Could you copy exactly the lines from the start of the records through the one containing "It just gives", both included, and leave out the pictures?

####

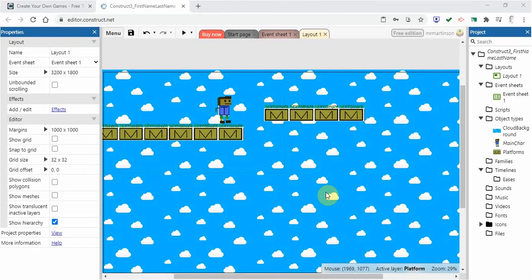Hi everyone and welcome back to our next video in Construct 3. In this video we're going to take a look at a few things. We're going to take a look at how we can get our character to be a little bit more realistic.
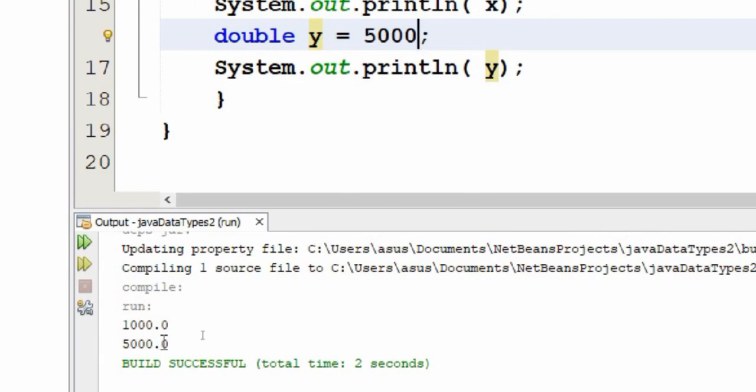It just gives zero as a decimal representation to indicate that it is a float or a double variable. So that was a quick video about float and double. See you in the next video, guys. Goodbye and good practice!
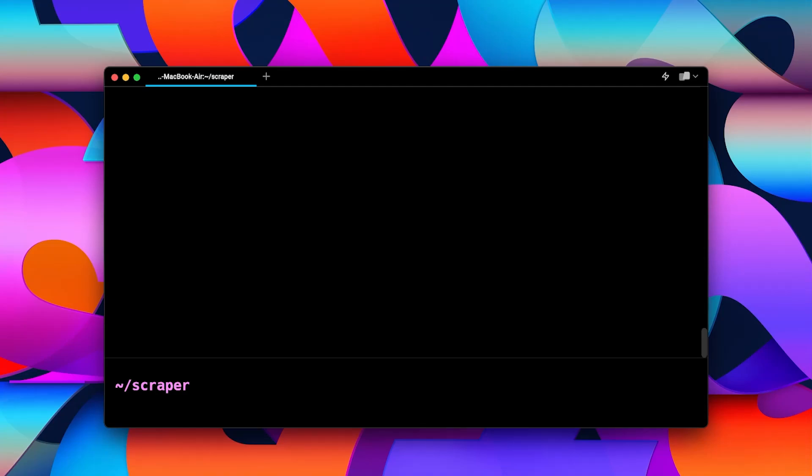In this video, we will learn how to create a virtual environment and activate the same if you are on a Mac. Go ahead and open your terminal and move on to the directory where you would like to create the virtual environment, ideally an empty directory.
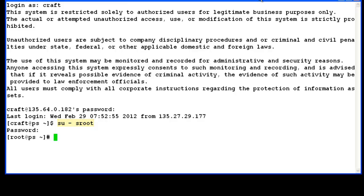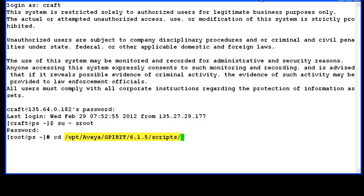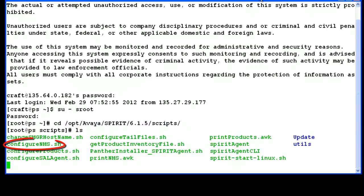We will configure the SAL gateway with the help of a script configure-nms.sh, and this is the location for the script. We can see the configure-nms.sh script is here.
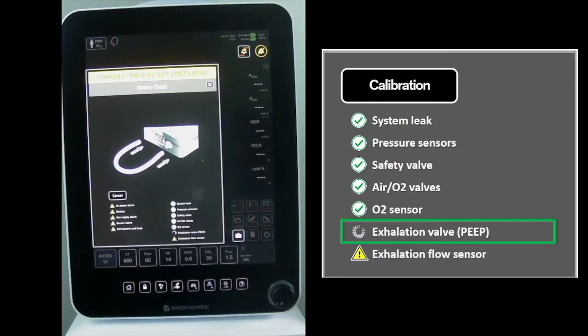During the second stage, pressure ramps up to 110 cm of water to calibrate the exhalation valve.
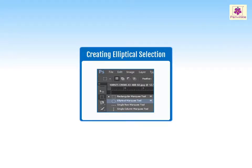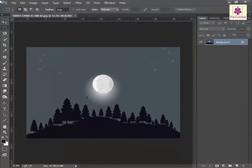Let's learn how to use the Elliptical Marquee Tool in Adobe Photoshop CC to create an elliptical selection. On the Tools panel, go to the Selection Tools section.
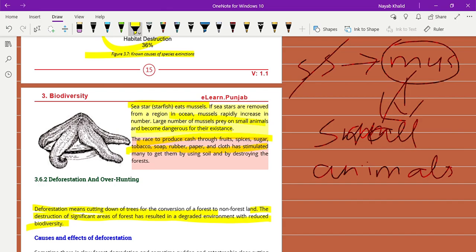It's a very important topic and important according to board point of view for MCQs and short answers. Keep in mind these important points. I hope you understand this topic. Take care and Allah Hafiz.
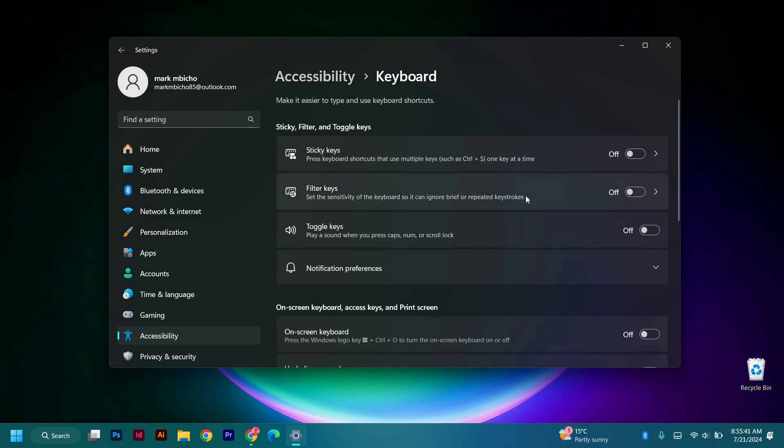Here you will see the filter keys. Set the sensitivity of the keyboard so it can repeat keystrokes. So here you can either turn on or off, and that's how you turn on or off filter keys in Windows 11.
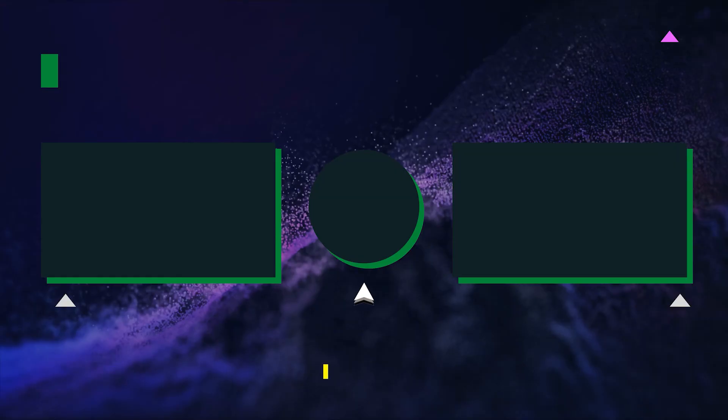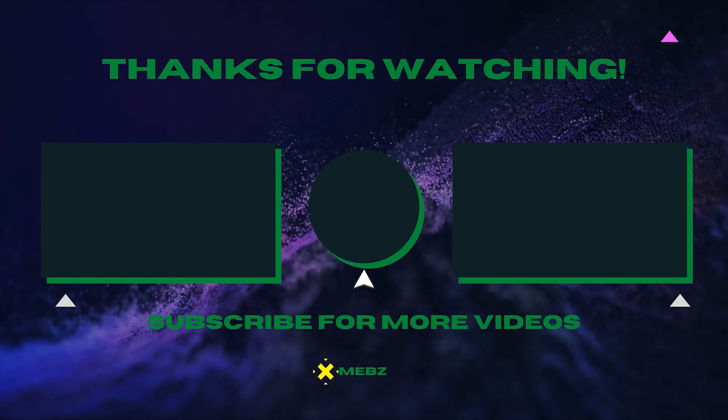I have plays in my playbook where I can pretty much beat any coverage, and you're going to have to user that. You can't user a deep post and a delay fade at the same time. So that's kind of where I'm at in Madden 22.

####

- **Result of the task**
Hi everyone and welcome back to our next video in Construct 3. In this video we're going to take a look at a few things. We're going to take a look at how we can get our character to be a little bit more realistic.
It just gives zero as a decimal representation to indicate that it is a float or a double variable. So that was a quick video about float and double. See you in the next video, guys. Goodbye and good practice!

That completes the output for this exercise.